La delegación “santa” partió a Perico con media hora de retraso

Los jugadores de San Martín tuvieron que tener paciencia.

CHARLA. Luciano Pons, Juan Jaime, Lucas Diarte y Lucas González que aprovecha para hidratarse, charlan y esperan. La Gaceta / Foto de Ines Quinteros Orio.

“¿Llegó? ¿En serio llegó?”, preguntó Juan Ignacio “Pichi” Mercier. Y esbozó una sonrisa cuando recibió la confirmación de que había llegado a la Ciudadela el colectivo que debía trasladar al plantel a Perico. Entonces, se apresuró a buscar sus valijas.

“Se demoró unos minutos, pero llegó. Estamos apurados por subir, debido al calor más que nada. Está muy fuerte el sol; afuera no se puede estar. Queremos subir ya”, dijo Juan Imbert, único refuerzo del “Santo” por el momento.

La ansiedad del plantel por subir al ómnibus se explicaba a partir de los casi 35° C que castigaron la siesta dominical tucumana. Tanto, que el aire acondicionado de la sala de prensa del estadio no resultaba suficiente para mitigar esa temperatura.

EN LA ESPERA. El micro llegó casi 30 minutos después de lo previsto al estadio. La Gaceta / Foto de Ines Quinteros Orio.

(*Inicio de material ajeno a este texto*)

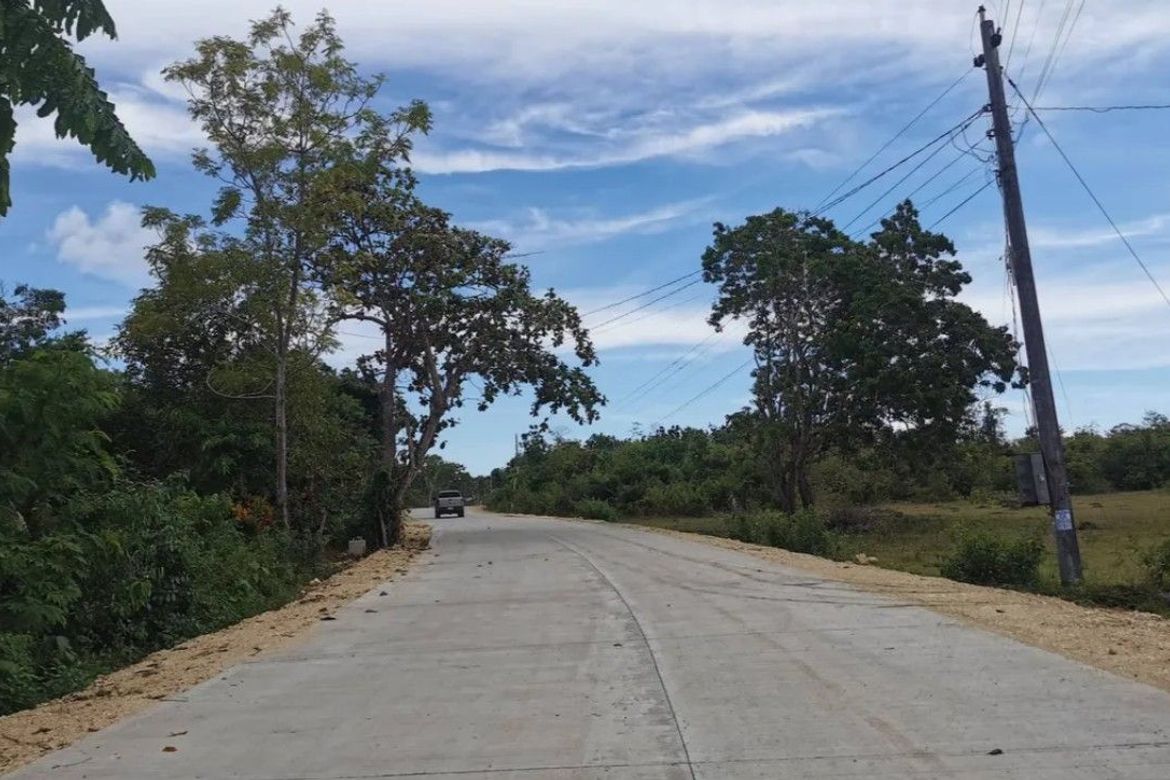 Land for Sale in Tangnan, Panglao, Bohol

Ni bien detuvo su marcha en el playón del estacionamiento del estadio, el colectivo fue rodeado por los jugadores, que se agolparon a la puerta de este con un sólo objetivo que, curiosamente, coincide con la principal meta del plantel, de cara al inicio de la segunda parte de la Primera Nacional: ascender. “Fue un semestre muy difícil, pero tuvimos la suerte de que terminó siendo muy bueno y le sacamos cuatro puntos al segundo. Ahora debemos aprovechar esa mínima ventaja”, consideró Mauro Bellone.

Esta etapa de preparación, cuando no se trabaja pensando en el partido del próximo domingo, suele resultar más tediosa para el futbolista. “Todos empezamos de cero y tenemos que sacar lo mejor de uno para que sea positivo para el plantel. La mejor manera de afrontar esto es ir día a día, pensando en que esta preparación física nos acompañará hasta junio”, reconoció Bellone.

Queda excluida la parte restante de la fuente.